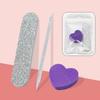 Shaping Nail Care Accessories 3pcs Manicure Tool Set Crystal Dotting Pen Heart-shaped Block And Wooden File For Polishing
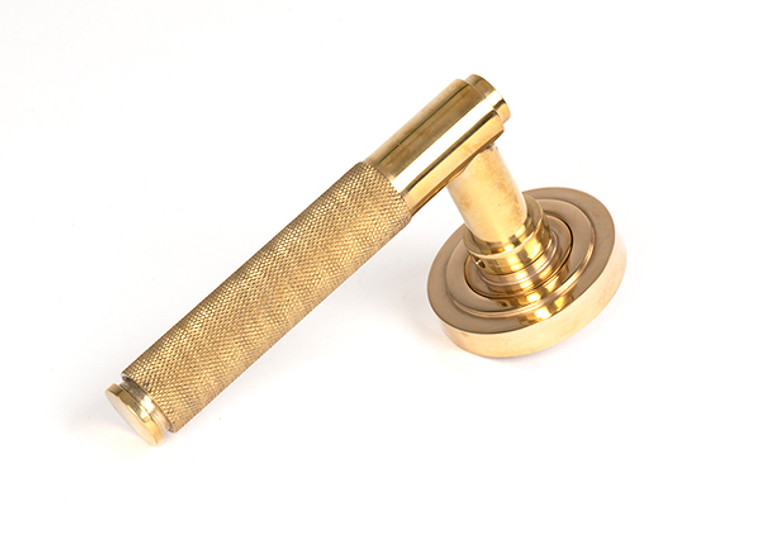 Polished Brass Brompton Lever on Rose Set (Art Deco)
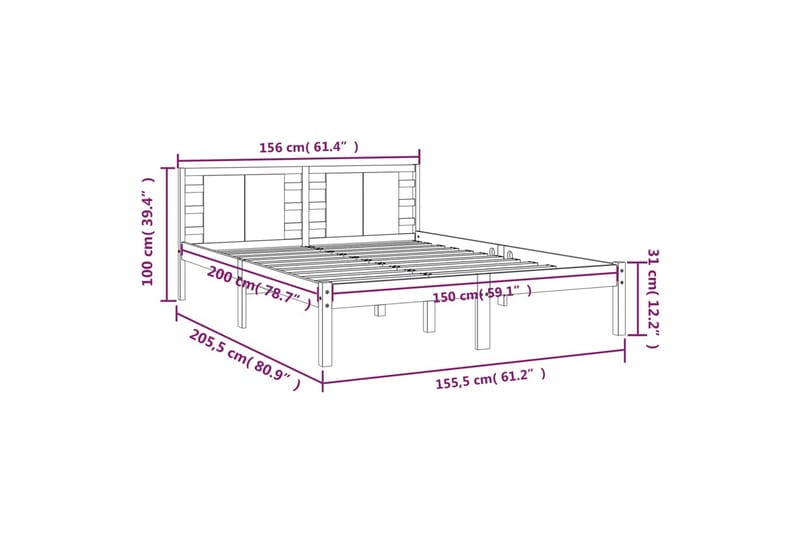 beBasic sengeramme 150x200 cm King Size massivt træ hvid - Hvid - Sengeramme & sengestel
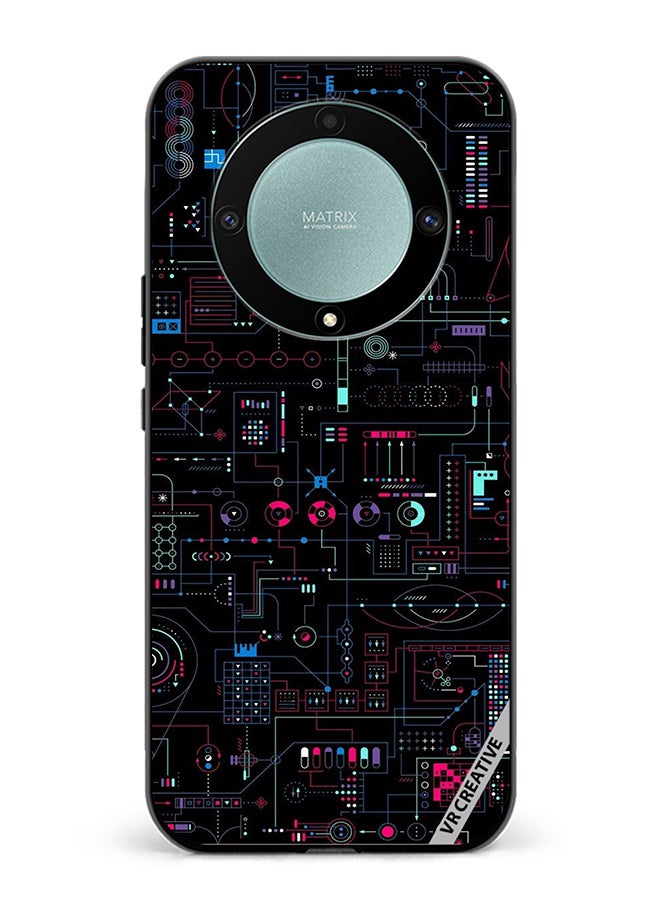 VR CREATIVE غطاء حماية لهاتف Honor X9b تصميم سيركيت متعدد الألوان - Image 1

^^^^^^^^

Description of the task
Which lines run from the one containing "beBasic sengeramme 150x200" to the end of the data above? Set down those lines exactly, and only those, without any pictures.

Answer for the task
 beBasic sengeramme 150x200 cm King Size massivt træ hvid - Hvid - Sengeramme & sengestel
 VR CREATIVE غطاء حماية لهاتف Honor X9b تصميم سيركيت متعدد الألوان - Image 1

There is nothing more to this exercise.